You don't need to look any further than President Barack Obama and Mitt Romney's meeting of the minds earlier this summer on keeping student loan rates stable to get a sense of how important young voters are to what's likely to be a very close race for president.
Both candidates have good reason to pay special attention to this demographic. Back in 2008, young voters overwhelmingly supported Obama and showed up at the polls in record numbers. And, maybe even more importantly, they were the life's blood of his campaign, supplying huge numbers of boots on the ground.
Romney, the presumptive GOP nominee, doesn't necessarily need to capture that entire youth vote—and the campaign muscle that goes with it—but he needs to go after a portion of it, said Susan MacManus, a political science professor at the University of South Florida, in an interview. MacManus moderated a panel on college access and other issues of interest to young voters at the Republican National Convention satellite event in Tampa, organized by the Young Invincibles, a non-partisan, non-profit group in Washington seeking to expand opportunity for young Americans.
"The GOP doesn't expect to get a majority of the youth vote," MacManus said. But they're hoping to snag some of the fuel for Obama's would-be get-out-the-vote machine. Young people "are the energy behind a campaign, they're what makes it happen at the grassroots," McManus said.
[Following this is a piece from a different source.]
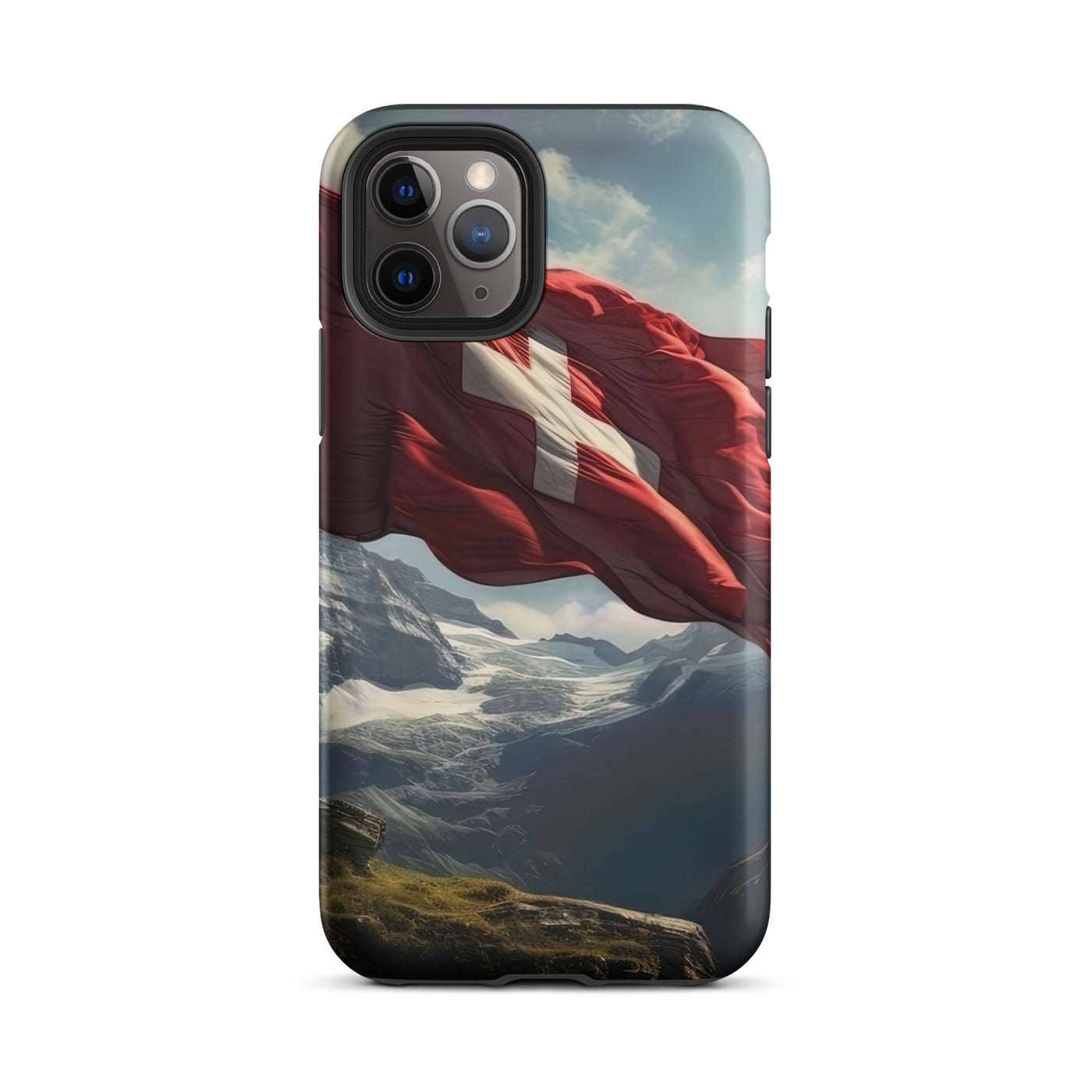 Schweizer Flagge und Berge im Hintergrund - Fotorealistische Malerei - iPhone Schutzhülle (robust) berge xxx iPhone 11 Pro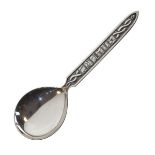 Continental white metal ladle, probably Scandinavian with decorated handle stamped 925 to verso, 4oz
But, if you just judge soley the attendance at this event, Romney's got a long way to go. You'd never know you that you were on the outskirts of the Republican convention. There was just one self-identified Republican in attendance, and about four or five folks who identified themselves as political independents. A quick poll of the audience turned up a number of reporters—and Democrats.
The College Republicans were invited to the event but opted to skip it, said Aaron Smith, the co-founder of the Young Invincibles. He didn't seem offended, noting that there's a lot going on here in Tampa. The Young Invincibles have held well-attended round tables with College Republicans at campuses across the country, he said. And public polling shows that young Republicans are just as interested issues like college access as Democrats in the same age group.
But Obama still hasn't been able to inspire young people to the degree he did back in 2008.
"It hasn't been that utopia that everybody expected, I think a lot of youth feel like things aren't happening immediately enough so they aren't satisfied with it," said Shannon Love, a student at the University of South Florida in Tampa and the president of the Pinnellas County Young Democrats. (You read that right. She'll be a delegate at next week's convention in Charlotte.)
And despite all this outreach, some young voters still appear to be waiting for the candidates to spell out just what they would do to combat the soaring cost of a higher education, which is going up faster than that of health care.
"We haven't seen a truly comprehensive plan from either side on the cost of college," Smith said in an interview.